Le carré des indigents d’Hugues Pagan : du sang neuf au pays du polar

01 May 2022 | PAR Bernard Massoubre

Dans Le Carré des indigents, Hugues Pagan renouvelle le genre de la littérature policière. Tout simplement.

 

Une enquête pas banale

Elle se passe dans les années 70 : c’est la fin de Pompidou et le début du Solex. Mais, le Carré des indigents est aussi un rappel des polars de Fajardie et de Daeninckx, sans l’idéologie maoïste. Le militantisme révolutionnaire  n’y a pas sa place.
C’est un roman noir, et la couleur n’est plus celle de l’anarchie. Ici, elle est le reflet des âmes. C’est Coluche dans Tchao pantin.
Certes, l’histoire est banale. Un père, un brave type, vient signaler dans un commissariat de l’Est de la France la disparition de sa fille adolescente. Elle s’appelle Betty Hoffmann. Le dossier est confié au jeune inspecteur Claude Schneider. Mais l’enquête n’aura rien de classique, tant elle échappera à tous les poncifs du genre.

Un roman palpitant

Hugues Pagan n’a pas cherché à rendre Schneider attachant, au moins de prime abord. Or, c’est un fait suffisamment rare dans la littérature policière pour être signalé. Dans ce roman, l’humeur du policier est exécrable. Il ne cherche à plaire à personne, et surtout pas à sa hiérarchie.
L’auteur donne l’impression de découvrir l’OPJ en même temps que le lecteur. A tel point, qu’il décrit ainsi le personnage principal : « Je ne sais pas beaucoup plus de choses sur lui que le commun des lecteurs : c’était un taiseux, Schneider, et presque tous ceux qui l’ont connu ont disparu »

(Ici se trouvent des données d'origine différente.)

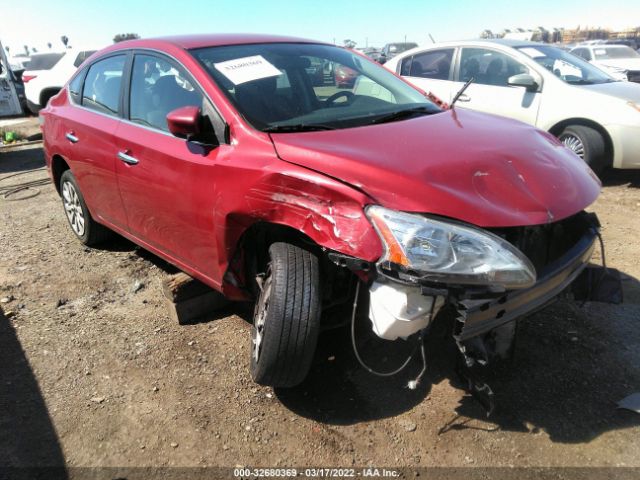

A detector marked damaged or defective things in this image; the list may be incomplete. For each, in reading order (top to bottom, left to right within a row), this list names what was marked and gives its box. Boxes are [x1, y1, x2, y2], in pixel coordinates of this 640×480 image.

crumpled hood [270, 109, 600, 229]
broken headlight [364, 205, 536, 288]
damaged front end [342, 206, 604, 412]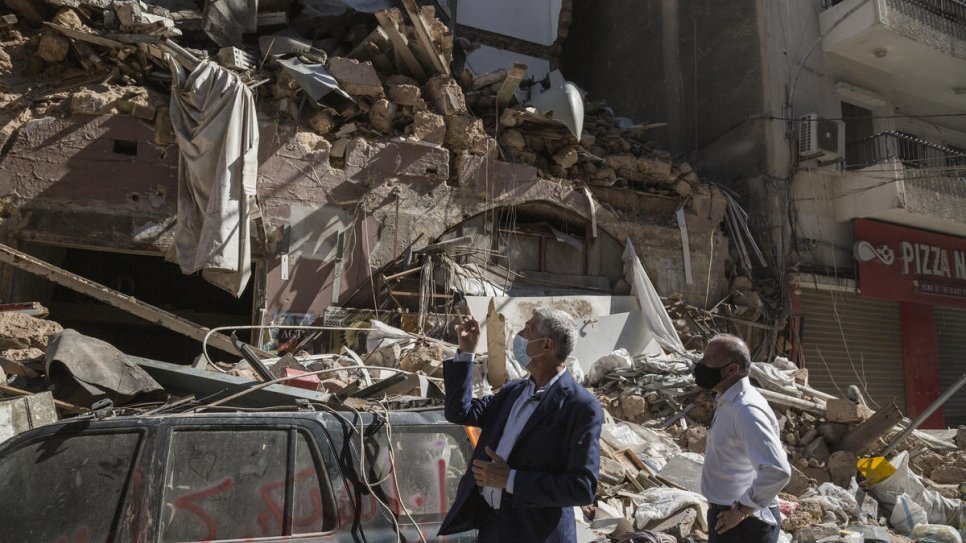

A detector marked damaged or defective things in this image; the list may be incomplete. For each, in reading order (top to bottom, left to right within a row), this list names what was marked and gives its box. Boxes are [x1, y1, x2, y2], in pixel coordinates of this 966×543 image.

Schneider est un type meurtri et son passage en Algérie en 1959 y a largement contribué. La vie de conscrit n’a pas été simple pour cet homme d’honneur.
Par petites touches, Hugues Pagan en a fait aussi un homme de valeur. Son inspecteur est un homme droit, honnête qui évolue au milieu de faits divers sordides avec dignité. Il a une idée fixe, il est le seul à l’avoir et il creuse son sillon. Dans la vie, il n’est pas un modèle, encore moins un héros.
En fait, il n’est pas attaché à sa fonction, il n’est fidèle qu’à sa mission.

Qui renouvelle le polar

Son écriture est comme la lessive Skip : 3 en 1. Un style efficace pour les descriptions et les entrées en matière, un autre percutant pour les dialogues. Et parfois, en fin de phrase, une série d’adjectifs dont il use pour décrire un ciel et ses nuages.
Il n’est pas aisé d’associer tous ces éléments dans un même roman car les écrivains ne sont pas les couteaux suisses de la sémantique. A sa façon, Hugues Pagan l’est un peu.

L’archétype du flic est souvent celui du macho, mais ce n’est pas le cas de Schneider. Il a eu une relation passionnée avec une jeune femme de l’autre côté de la méditerranée, même si l’auteur nous suggère qu’elle ne fut pas charnelle. Pourtant, la séparation fut une déchirure.
Et puis, il y a Betty, massacrée dans la fleur de la jeunesse. Les liens avec cette gamine sont forts, le lecteur le suppute mais il n’en connait pas les raisons.
Les femmes l’habitent, les femmes le hantent. En fait, elles sont pour lui la béquille qui le soutient, comme la corde le pendu.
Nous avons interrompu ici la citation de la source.